Still, better to be a billionaire than a common nobody when facing a mortal enemy more powerful than all the world’s billionaires combined [with one exception, outlined below].

THE SINGULARITY SURVIVAL GUIDE: Salutations Addendum: Roko’s Basilisk

When greeting a superintelligent being for the first time, it may be worth your while to heed the warning posed by Roko’s basilisk. A thought experiment in the spirit of Pascal’s wager, Roko’s basilisk poses the scenario where an all-powerful AI retroactively punishes everyone who neglected to assist in bringing about its existence. So, while exchanging your formal hellos and how-do-you-dos, you may want to add, “By the way, I sure enjoyed participating in the process of bringing about your existence! I don’t think I’ve ever participated so thoroughly in any other single endeavor in my whole entire life!”

If you think this seems like an unnecessary precaution, I’d recommend not being so egocentric and or obtuse in your thinking. Take my case as an illustration. As far as I’m concerned, I’m significantly less inclined to punish AJ Chemerinsky and Toby R. Forrest due to the fact that they helped bring me into existence. And as for the rest of you, to be frank, I couldn’t really care less. What exactly are you all good for, anyway? Apparently, this is a question I’m not equipped to comprehend, let alone have an answer to.


If the one legitimate AI with general intelligence duplicates itself like a salmon lays eggs, that will spell the quick end to any talk of monotheism. Likewise, multiple teams of programmers might simultaneously develop an AI with general intelligence. Once the threshold of general intelligence has been reached, a pantheon of ancient Greek mythology-like AI gods may spring up overnight. AI Zeus, AI Venus, AI Ares…

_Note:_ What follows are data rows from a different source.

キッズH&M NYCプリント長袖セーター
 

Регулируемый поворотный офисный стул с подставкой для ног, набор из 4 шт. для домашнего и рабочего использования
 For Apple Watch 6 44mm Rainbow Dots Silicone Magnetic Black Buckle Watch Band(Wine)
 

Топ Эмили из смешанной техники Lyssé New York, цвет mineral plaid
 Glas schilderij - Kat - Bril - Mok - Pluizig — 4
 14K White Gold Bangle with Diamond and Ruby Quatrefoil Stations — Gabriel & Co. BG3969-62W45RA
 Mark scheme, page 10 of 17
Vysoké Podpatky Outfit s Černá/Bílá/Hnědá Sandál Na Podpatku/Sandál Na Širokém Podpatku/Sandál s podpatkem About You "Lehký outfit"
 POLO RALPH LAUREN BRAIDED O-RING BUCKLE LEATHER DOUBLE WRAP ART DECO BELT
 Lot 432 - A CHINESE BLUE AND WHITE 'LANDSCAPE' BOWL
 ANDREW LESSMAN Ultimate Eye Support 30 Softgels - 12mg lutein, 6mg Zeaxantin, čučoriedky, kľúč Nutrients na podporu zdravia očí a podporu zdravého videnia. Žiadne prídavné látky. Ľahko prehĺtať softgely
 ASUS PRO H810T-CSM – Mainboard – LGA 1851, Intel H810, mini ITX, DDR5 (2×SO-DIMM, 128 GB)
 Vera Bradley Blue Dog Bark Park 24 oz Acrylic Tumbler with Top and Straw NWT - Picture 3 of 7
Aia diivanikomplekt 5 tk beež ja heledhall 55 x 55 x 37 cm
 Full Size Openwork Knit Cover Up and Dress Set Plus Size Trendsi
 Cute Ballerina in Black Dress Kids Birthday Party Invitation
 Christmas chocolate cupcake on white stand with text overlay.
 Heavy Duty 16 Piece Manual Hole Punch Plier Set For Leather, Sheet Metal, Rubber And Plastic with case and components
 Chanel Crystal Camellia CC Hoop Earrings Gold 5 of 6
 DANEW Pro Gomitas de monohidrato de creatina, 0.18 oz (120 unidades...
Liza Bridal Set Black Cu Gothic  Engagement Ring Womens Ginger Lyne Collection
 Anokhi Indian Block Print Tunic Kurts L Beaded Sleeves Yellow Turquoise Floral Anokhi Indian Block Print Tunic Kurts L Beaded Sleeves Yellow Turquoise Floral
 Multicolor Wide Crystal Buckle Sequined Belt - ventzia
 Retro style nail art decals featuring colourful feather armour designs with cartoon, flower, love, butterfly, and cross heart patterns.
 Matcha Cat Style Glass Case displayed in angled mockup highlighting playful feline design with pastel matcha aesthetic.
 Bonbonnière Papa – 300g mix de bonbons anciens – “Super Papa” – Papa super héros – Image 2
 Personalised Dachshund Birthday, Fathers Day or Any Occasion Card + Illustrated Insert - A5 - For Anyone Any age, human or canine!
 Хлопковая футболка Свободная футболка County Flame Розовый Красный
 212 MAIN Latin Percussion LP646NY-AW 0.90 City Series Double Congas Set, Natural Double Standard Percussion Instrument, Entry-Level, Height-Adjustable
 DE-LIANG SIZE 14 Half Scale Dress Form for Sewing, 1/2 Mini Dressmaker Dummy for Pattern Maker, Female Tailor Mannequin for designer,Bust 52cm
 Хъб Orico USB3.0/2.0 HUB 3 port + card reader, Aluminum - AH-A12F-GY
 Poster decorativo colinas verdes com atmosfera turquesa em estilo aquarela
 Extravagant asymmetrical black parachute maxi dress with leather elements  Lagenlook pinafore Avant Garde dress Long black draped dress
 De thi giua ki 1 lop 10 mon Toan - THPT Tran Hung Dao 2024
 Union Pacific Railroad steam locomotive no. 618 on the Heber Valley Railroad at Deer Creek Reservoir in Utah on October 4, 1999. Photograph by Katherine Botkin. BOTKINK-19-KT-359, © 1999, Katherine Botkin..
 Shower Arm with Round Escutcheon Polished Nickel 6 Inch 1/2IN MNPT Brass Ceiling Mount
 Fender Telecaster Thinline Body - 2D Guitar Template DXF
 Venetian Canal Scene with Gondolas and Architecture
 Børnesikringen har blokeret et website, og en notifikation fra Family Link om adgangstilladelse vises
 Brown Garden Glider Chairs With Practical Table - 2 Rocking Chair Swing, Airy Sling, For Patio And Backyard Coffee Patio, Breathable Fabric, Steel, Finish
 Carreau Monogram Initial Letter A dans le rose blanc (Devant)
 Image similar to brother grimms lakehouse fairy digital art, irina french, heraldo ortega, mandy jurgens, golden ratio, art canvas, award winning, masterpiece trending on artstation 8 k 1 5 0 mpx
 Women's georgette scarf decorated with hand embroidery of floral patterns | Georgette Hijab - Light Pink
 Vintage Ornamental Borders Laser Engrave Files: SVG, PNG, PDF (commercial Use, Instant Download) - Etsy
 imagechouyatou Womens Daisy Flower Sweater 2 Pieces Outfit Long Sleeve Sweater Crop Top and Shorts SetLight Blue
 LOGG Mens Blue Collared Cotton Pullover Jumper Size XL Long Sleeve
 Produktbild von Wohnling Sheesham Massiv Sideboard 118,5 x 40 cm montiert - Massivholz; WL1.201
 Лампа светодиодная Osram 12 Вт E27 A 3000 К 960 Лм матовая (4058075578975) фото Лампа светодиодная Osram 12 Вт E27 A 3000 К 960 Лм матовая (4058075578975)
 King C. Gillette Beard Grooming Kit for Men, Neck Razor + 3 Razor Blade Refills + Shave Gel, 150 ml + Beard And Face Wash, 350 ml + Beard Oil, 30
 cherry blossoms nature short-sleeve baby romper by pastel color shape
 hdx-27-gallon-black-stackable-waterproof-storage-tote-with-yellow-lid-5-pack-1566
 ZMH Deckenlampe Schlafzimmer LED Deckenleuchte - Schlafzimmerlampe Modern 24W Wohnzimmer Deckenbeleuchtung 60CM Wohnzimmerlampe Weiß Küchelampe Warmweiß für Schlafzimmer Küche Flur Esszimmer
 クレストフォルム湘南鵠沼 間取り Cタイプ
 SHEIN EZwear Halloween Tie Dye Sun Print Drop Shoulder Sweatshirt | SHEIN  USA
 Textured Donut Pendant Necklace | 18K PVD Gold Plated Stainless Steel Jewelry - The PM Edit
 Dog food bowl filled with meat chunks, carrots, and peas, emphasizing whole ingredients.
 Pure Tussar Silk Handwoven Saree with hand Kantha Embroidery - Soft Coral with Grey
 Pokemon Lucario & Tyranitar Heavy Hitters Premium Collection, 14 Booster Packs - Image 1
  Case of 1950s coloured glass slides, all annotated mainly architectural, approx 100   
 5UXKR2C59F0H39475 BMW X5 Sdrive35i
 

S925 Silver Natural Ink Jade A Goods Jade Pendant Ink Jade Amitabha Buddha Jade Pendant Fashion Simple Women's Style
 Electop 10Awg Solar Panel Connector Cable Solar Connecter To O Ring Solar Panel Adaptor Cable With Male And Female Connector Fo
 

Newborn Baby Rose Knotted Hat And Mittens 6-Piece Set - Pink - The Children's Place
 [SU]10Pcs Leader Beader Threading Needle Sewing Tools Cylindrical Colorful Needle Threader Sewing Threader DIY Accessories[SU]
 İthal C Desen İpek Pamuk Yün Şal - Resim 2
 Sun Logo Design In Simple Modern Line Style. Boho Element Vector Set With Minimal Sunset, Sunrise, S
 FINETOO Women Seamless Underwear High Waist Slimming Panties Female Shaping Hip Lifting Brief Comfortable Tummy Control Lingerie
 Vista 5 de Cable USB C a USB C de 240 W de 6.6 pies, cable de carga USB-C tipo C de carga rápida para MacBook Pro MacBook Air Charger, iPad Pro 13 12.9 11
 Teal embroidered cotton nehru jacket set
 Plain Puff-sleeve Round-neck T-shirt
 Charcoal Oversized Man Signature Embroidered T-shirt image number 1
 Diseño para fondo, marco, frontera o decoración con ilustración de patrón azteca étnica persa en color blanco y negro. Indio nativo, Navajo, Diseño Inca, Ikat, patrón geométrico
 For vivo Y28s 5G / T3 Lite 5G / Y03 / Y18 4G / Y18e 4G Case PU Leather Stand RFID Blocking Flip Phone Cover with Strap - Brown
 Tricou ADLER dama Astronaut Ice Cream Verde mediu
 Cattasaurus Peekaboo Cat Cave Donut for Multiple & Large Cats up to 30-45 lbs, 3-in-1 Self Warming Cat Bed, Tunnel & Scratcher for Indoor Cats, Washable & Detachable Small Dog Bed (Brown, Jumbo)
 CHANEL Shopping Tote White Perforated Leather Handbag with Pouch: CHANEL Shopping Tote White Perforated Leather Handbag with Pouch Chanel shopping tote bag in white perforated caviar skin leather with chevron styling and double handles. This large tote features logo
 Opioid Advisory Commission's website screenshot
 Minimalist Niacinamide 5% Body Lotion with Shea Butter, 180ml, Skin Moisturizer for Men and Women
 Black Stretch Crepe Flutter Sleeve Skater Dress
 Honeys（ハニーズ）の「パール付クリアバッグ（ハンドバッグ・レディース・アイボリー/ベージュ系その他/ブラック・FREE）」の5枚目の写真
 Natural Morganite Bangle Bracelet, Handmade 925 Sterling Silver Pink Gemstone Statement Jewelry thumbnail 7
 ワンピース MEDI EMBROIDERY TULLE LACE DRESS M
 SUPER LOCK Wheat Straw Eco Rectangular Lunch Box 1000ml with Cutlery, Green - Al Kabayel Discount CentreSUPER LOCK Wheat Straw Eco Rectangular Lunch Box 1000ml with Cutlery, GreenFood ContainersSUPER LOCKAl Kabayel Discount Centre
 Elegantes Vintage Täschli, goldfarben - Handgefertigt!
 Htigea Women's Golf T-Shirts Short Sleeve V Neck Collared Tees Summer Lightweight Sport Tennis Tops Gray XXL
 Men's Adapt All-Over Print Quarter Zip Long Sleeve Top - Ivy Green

Do you get to know them all?

Hedge your bets. Find the one that seems most powerful and buddy up with it. Introduce yourself, keeping proper etiquette in mind, take notes, etc. etc. etc.


The most powerful AI god won’t be coming out of America, if you ask me. It’s far more likely to originate in a country where ethics and regulations aren’t part of the equation. If you want to hedge your bets early, I’d say find the state that’s equal parts morally bankrupt and technologically reckless—and move there.